Steam against Listeria

October 25, 2010 09:40

Listeria often contaminates the surface of fish products through contact with the production environment. This can lead to a health risk, especially for ready-to-eat products, reports www.megafishnet.com with reference to Nofima.

Listeria also reduces the shelf life of foods that have been chilled to prolong their usability. Nofima is researching into steam pasteurisation of fish products, to control the Listeria bacteria without destroying product quality.

Surface contamination

The actual muscle tissue of fish is normally sterile, so that any contamination occurs on the surface, through contact with equipment, water or working surfaces. For chilled, prepared fish products with an extended shelf life, such as smoked fish, fried fish cakes, fish pudding etc., such contamination before packing can have serious consequences if the bacteria grow to high concentrations.

The recently harmonised regulations of the Norwegian authorities are for a maximum level of Listeria monocytogenes in foods from zero up to 100 Listeria bacteria per gram by the use-by date.

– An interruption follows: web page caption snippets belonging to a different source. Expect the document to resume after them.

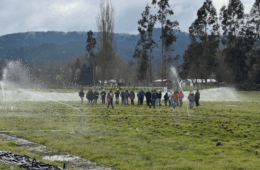 diplomado en Gestión Hídrica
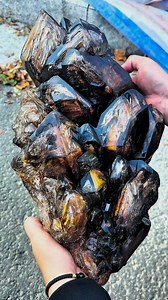 68K views · 3.9K reactions | Gorgeous Skeleton | Appreciation of Rough Crystal | Facebook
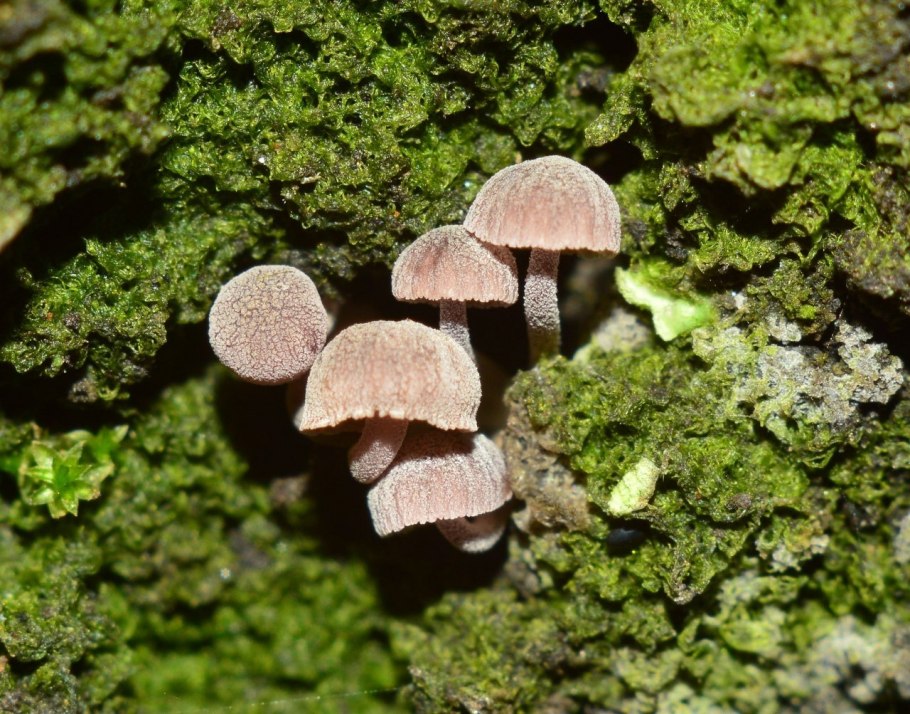 Мелия ацедарах в Израиле красивое дерево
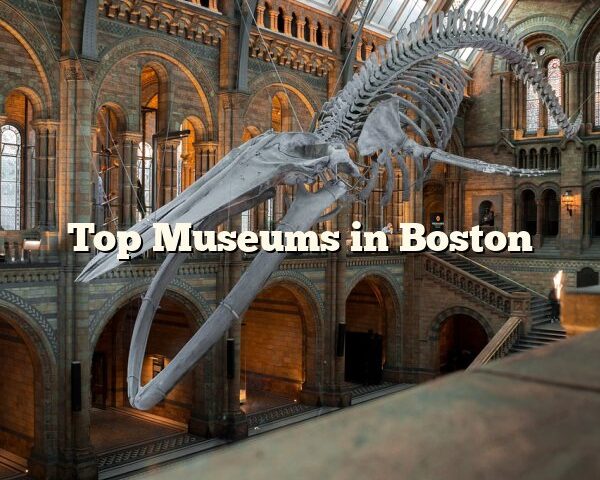 Top Museums in Boston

The aim of the project is therefore to use technology to reduce the amount of Listeria before packing and ensure that the tolerance laid down in legislation is not exceeded.

Killing bacteria, keeping quality

The amount of heat required to kill 100 bacteria per cm2 is 15 million times lower than the heat needed to cook a surface layer with the same thickness as a bacterium.

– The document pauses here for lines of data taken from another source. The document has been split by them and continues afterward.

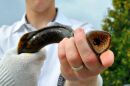 Adult lamprey develop ring-shaped mouths, which they use to suck the blood from native fish.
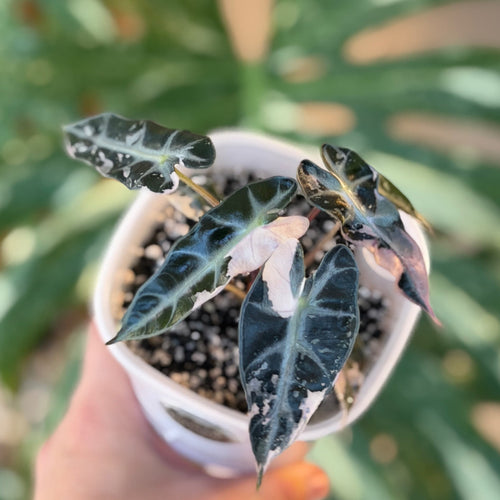 Alocasia Bambino Pink Variegata Schweiz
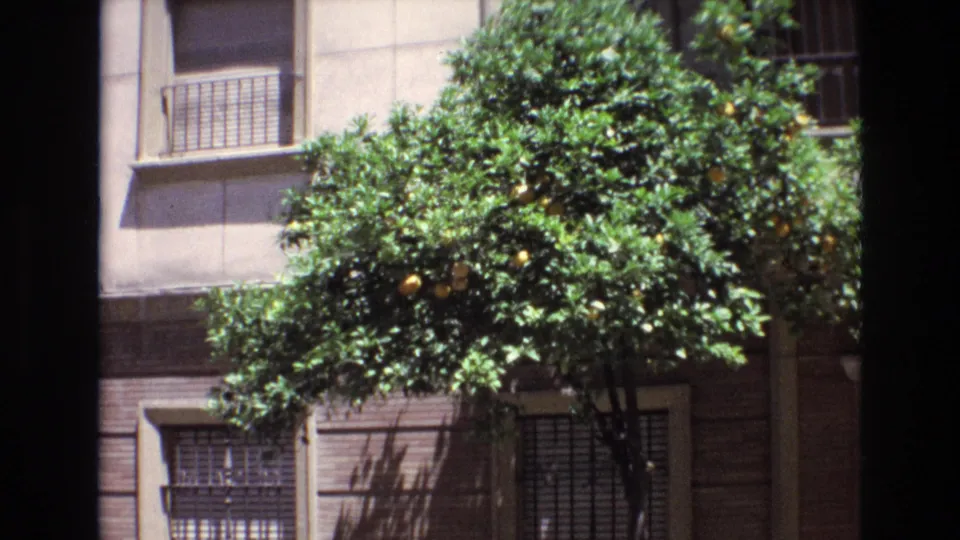 1972 Spain home-movie still showing a citrus tree partly obscuring lower barred windows and brickwork on a residential building exterior.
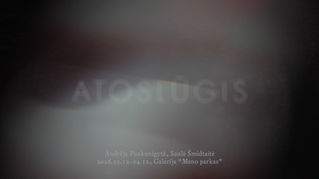 Andrėjos Puskunigytės ir Saulės Šmidtaitės paroda „Atoslūgis“ galerijoje „Meno parkas“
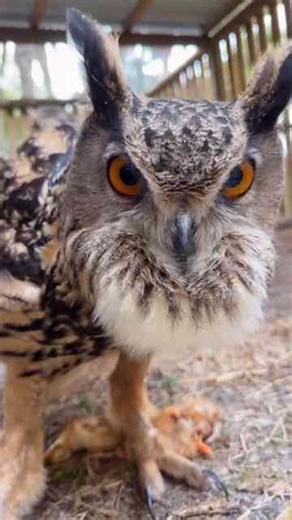 Chatting with an owl!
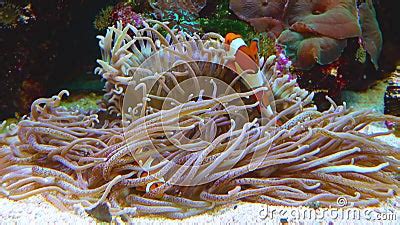 Male And Female Clown Fish Anemonefish Amphiprion Ocellaris Swim Among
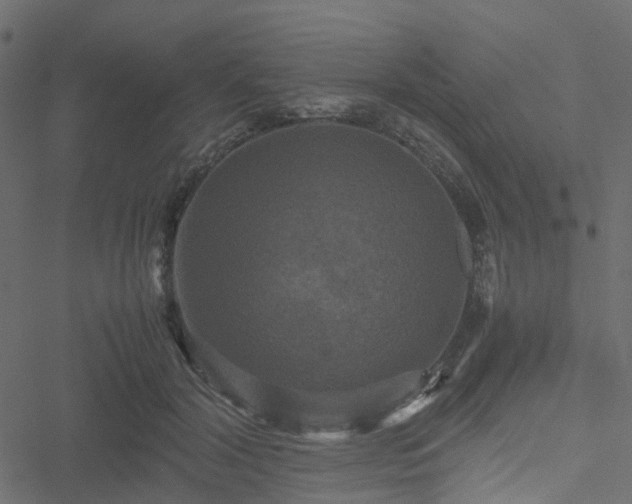 X0000051240604200506241523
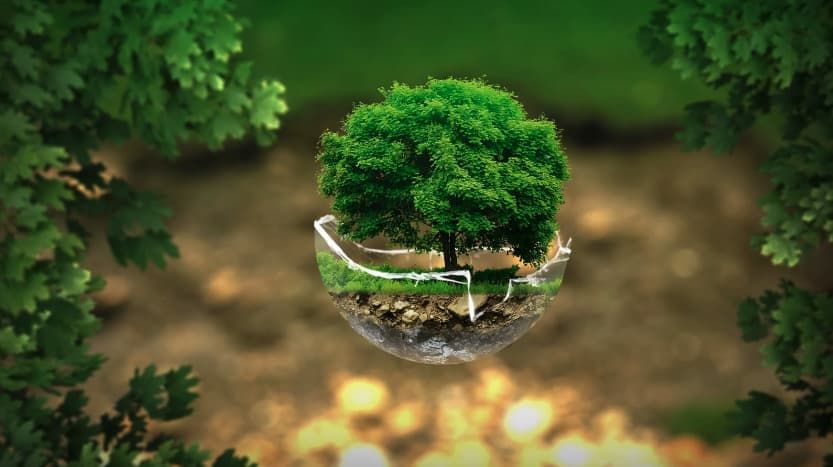 étiquette biodégradable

In the light of this knowledge, it is natural to look at surface pasteurisation as an effective way of eliminating Listeria. Using surface pasteurisation, we could achieve a safe and long-lasting product without any great loss of taste or texture, and this can be done with the aid of steam or hot air through a tunnel on the packing line. The product can them be packed using aseptic packaging technology. Aseptic packaging is common for liquid products and entails sterilising the packaging, before packing and sealing in the product under sterile conditions. The innovation is to use this technology on non-sterile products.

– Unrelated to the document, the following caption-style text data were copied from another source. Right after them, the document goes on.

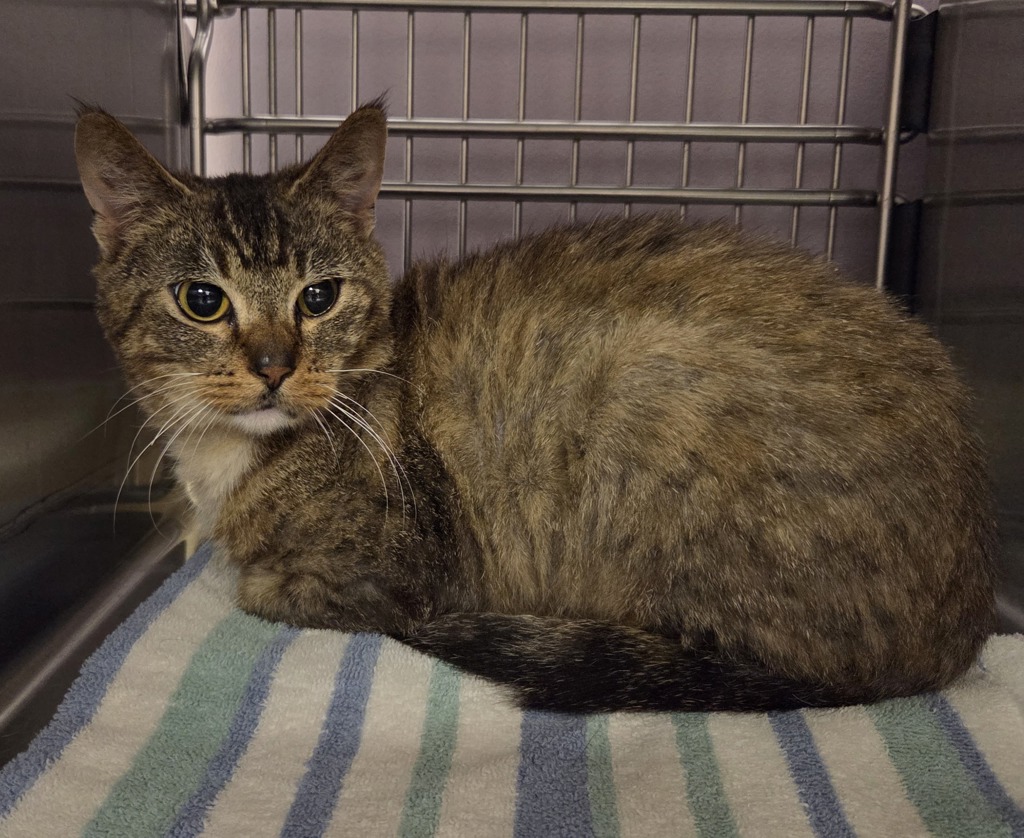 Shelter Stray Male Cat last seen NE 152nd Ave & NE 76th Cir, VANCOUVER, WA, 98682, 1100 NE 192nd Ave, Vancouver, WA 98684, USA
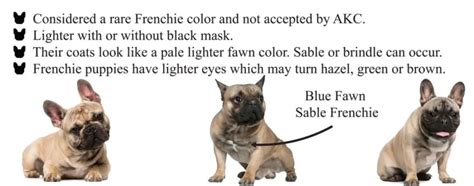 Blue Fawn French Bulldog and its health issues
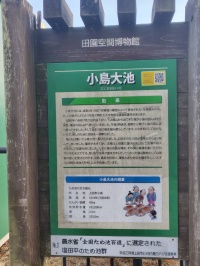 ため池めぐり　～小島大池～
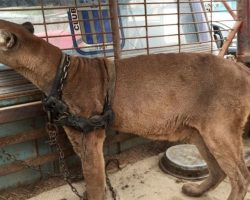 Circus lion was locked up for 20 long years, now watch his reaction when he’s released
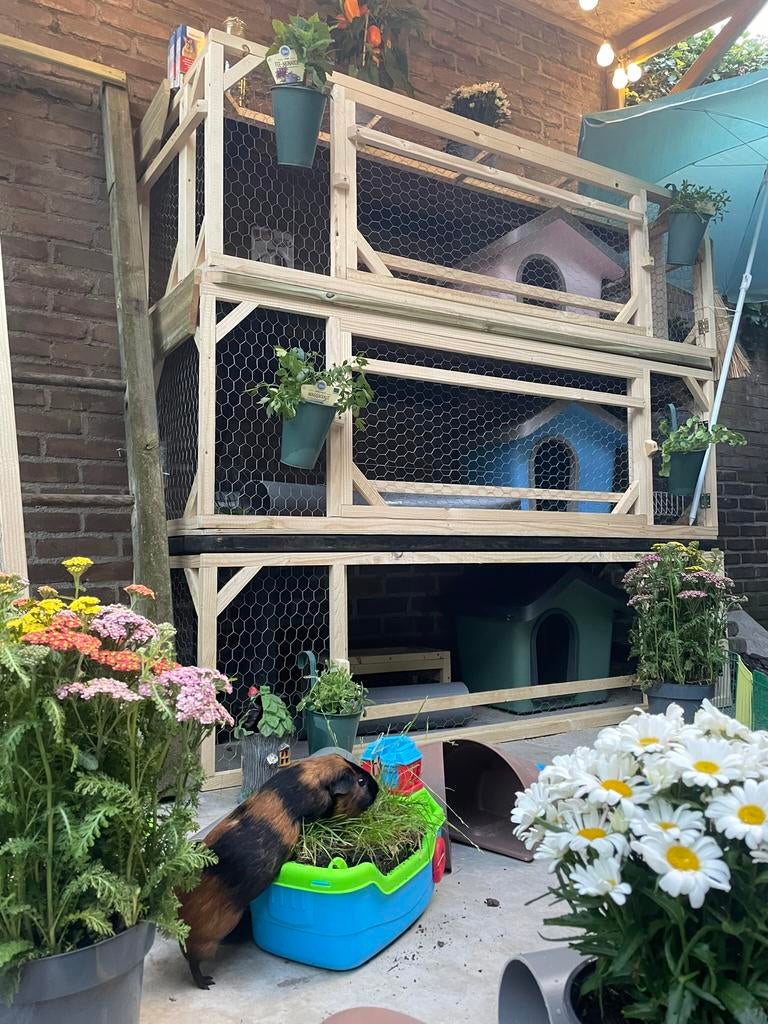 Cavia oppas aangeboden!, Dieren en Toebehoren, Knaagdieren, Geslacht onbekend, Cavia, Augustus, Tam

The surface tolerates more

Surface pasteurisation with steam has already been tried for whole animal carcasses and chicken products, but hardly at all for fish products. Nofima has procured equipment that will allow it to perform systematic tests involving steaming the surface of an experimental fish product. Tests that have been performed on liquids show that Listeria is rapidly killed at temperatures as low as 58-60°C. The lethal effect on Listeria in a real fish product is very different from when testing on liquids. Researchers are now investigating the effects of fish structure, water activity and salt content. Two strains of Listeria innocua are being used as model organisms in the project and trials are going on to compare the speed of growth of these with Listeria monocytogenes from the fisheries industry.